January is a month filled with good intentions, as people greet the New Year with resolutions to achieve over the next 12 months.
These inevitably take various forms, as we imagine the things we might like to change or improve. Most likely because we’re all still stuffed full of good food, good drink and good cheer, New Year’s resolutions tend to revolve around the desire to get out, be more active and get in better shape.
However, in Scotland and Canada, we’re faced with a similar problem at this time of year, in the form of a bitterly cold winter. Even the strongest desire can be tested by a freezing January morning and this dilemma is also at the heart of January’s Canada 150 profile. James Naismith is the inventor of basketball, a game borne out of a need to keep his athletes fit during cold winters. Its popularity sky-rocketed overnight and has since grown into one of the most popular sports in the world.
Naismith was born in 1861 in Ontario, the eldest son of Scottish immigrants. His upbringing wasn’t easy; both parents died within three weeks of each other, leaving him orphaned aged nine. He also struggled in school, dropping out of high school twice. However, what he lacked in academic ability, Naismith more than made up for with his athleticism. His free time was spent outdoors and it was one of his favourite games that would eventually play a massive role in his later fame.
‘Duck on a Rock’ is a medieval game where players throw stones at a large flat target in order to make it fall over. While playing, Naismith discovered that hard, straight throws were not doing a very good job. Instead he adopted a lob-type shot, which proved to be to be far more effective. It was this discovery that proved essential for his invention of basketball many years later.
Naismith’s passion for education finally caught up with his love of sport and he went on to study physical education at McGill University. He represented McGill in several disciplines during his studies including rugby, soccer, lacrosse and Canadian football. After achieving his degree, Naismith then joined McGill’s staff, where he taught physical education. He also had the honour of becoming the McGill’s first Director of Athletics.
At 30 years old, Naismith accepted a position at the Y.M.C.A. in Springfield, Massachusetts – a move that would change his life forever.

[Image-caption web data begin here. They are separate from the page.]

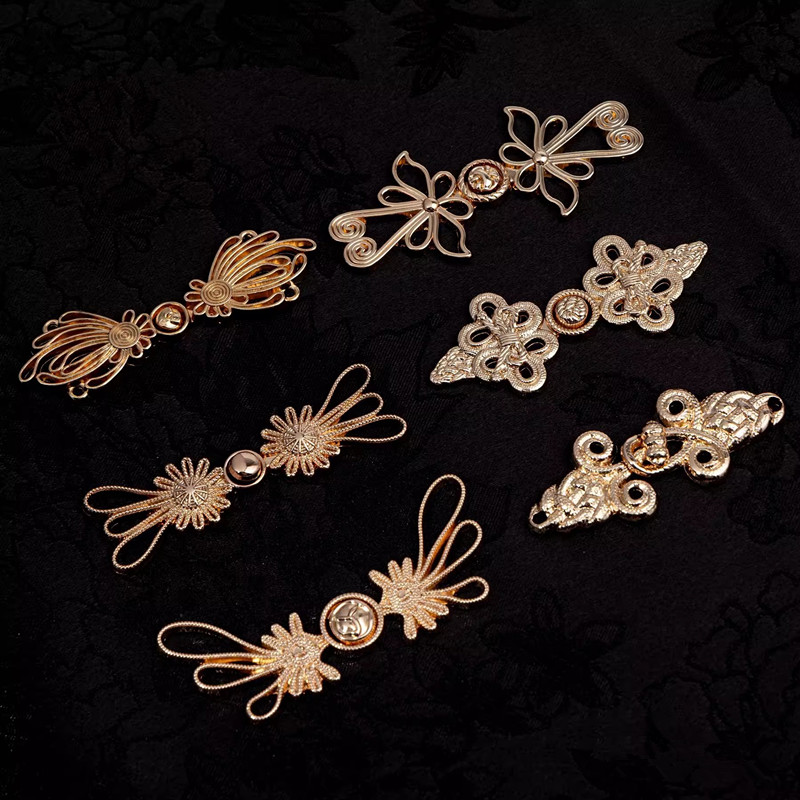 5pcs Retro โลหะปุ่มเสื้อสเวตเต - Flower Frog Pin บทวิจารณ์และราคา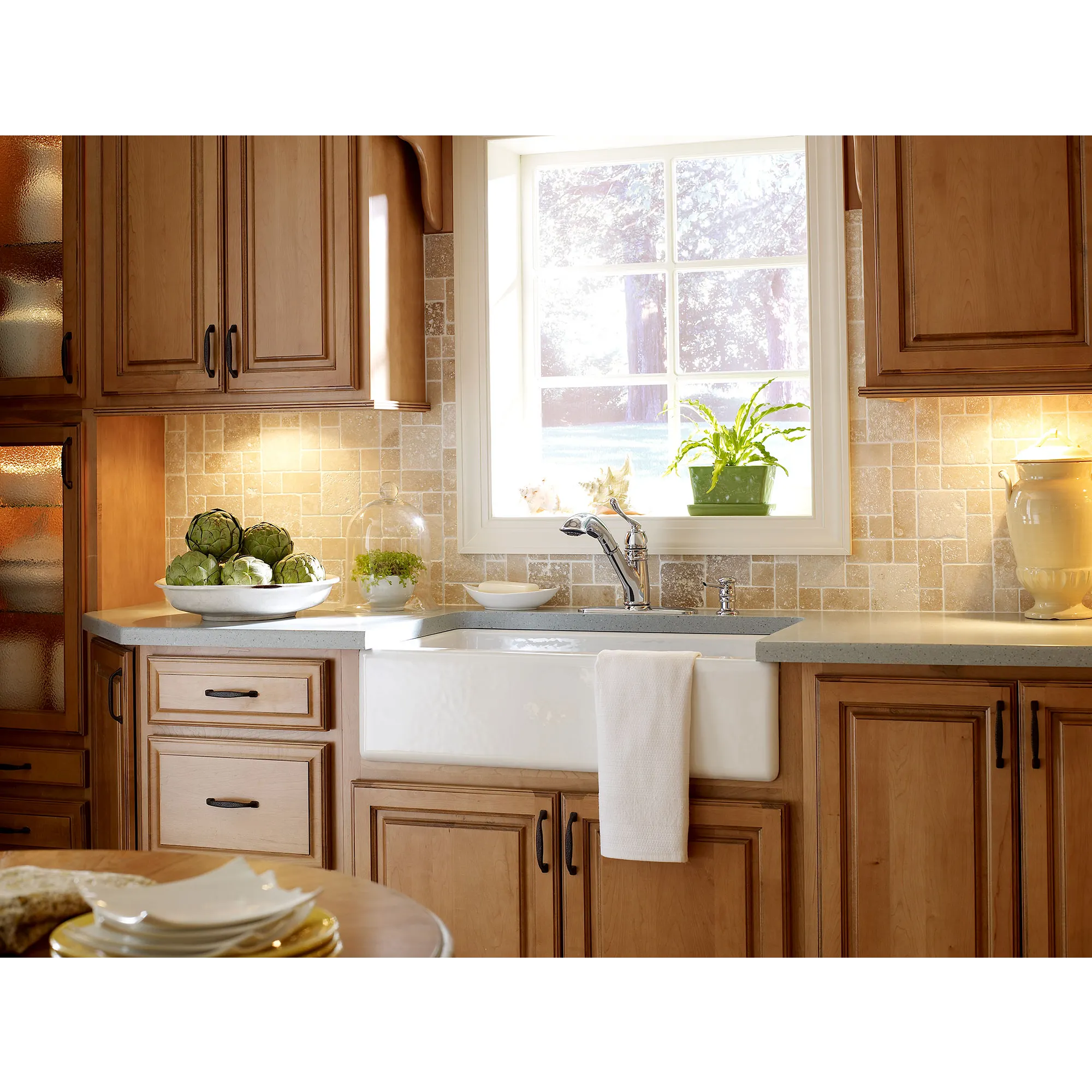 Dorsey Chrome one-handle low arc pullout kitchen faucet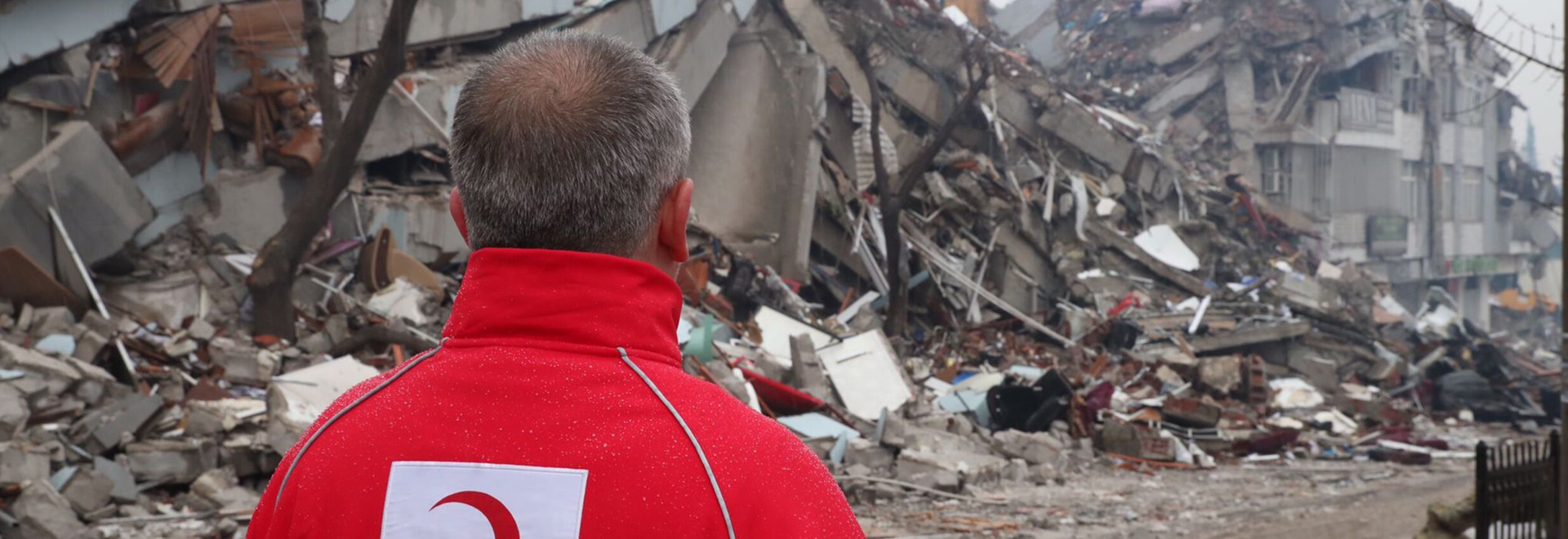 Hilfskräfte suchen nach Verletzten in den Trümmern nach dem Erdbeben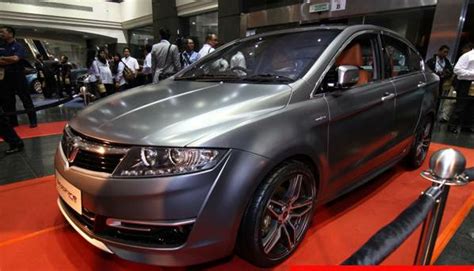 Check out the first official pictures of it here. LIFE IN DIGITAL COLOUR: The New Proton Preve R3 Bodykit Review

His first challenge was to find a way to keep his students active during the winter. However, a strict set of guidelines meant his creation had to be played within the small confines of the gym and could not be too physical in nature, to ensure the elite athletes weren’t injured.
After searching for inspiration in the most popular sports of the day, Naismith settled on the basis of his new game. The next morning he pinned the rules outside the Springfield gymnasium - it was January of 1892. The original rules for the game were completely different to the modern game. For example, the original set of rules consisted of less than 600 words, whereas the modern rulebook is made up of more than 30,000!
No dribbling, no dunking and no three-pointers were just some of Naismith’s surprising original rules. Little did he know that these ‘violations’ would go on to be perhaps the most exciting elements of the modern game. As well as this, the basketball hoop was actually a peach basket, meaning that every time a point was scored someone had to climb up and retrieve the ball.
The first match ever played saw two teams of nine feel their way through Naismith’s unusual creation. The game surprisingly became an overnight success and within a year journalists were waxing lyrical about it. As its popularity continued to rise, many called for the game to be renamed ‘Naismith Ball’. Naismith, however, shied away from this idea, preferring the name he chose: ‘Basket Ball’.
Despite its humble origins and the relatively slow pace of the game, this new pastime continued its meteoric rise. The YMCA quickly began promoting it internationally and by 1894, basketball was being played in France, China, India and more than a dozen other countries around the world.
In 1895, Naismith moved to Denver to continue his studies, and the Y.M.C.A. quickly offered him a position there to allow him to continue developing the sport. Just three short years later, he received his doctorate and was on the move again. His next, and final stop, was Kansas, where he’d been offered the position of chapel director and physical education instructor.
At Kansas, Naismith created the first-ever college basketball programme. However, being the only college team, The Kansas Jayhawks were forced to play against Y.M.C.A. teams in those early years. Unfortunately despite inventing the sport, Naismith has the dubious honour of being the only coach in Kansas University history to hold a losing record (55 wins – 60 losses).
In 1904, 12 years after Naismith invented the game, Basketball was chosen as a demonstration sport for the Olympics. By 1936 it was selected as an official Olympic sport for the Games in Berlin. Today more than 400 million people play basketball, making it the world’s second-most popular sport. Despite the many changes that have been made to the sport, Naismith’s legacy remains intact. The NBA’s Hall of Fame is named in his honour, with the building constructed just a stone’s throw away from where the first game was played.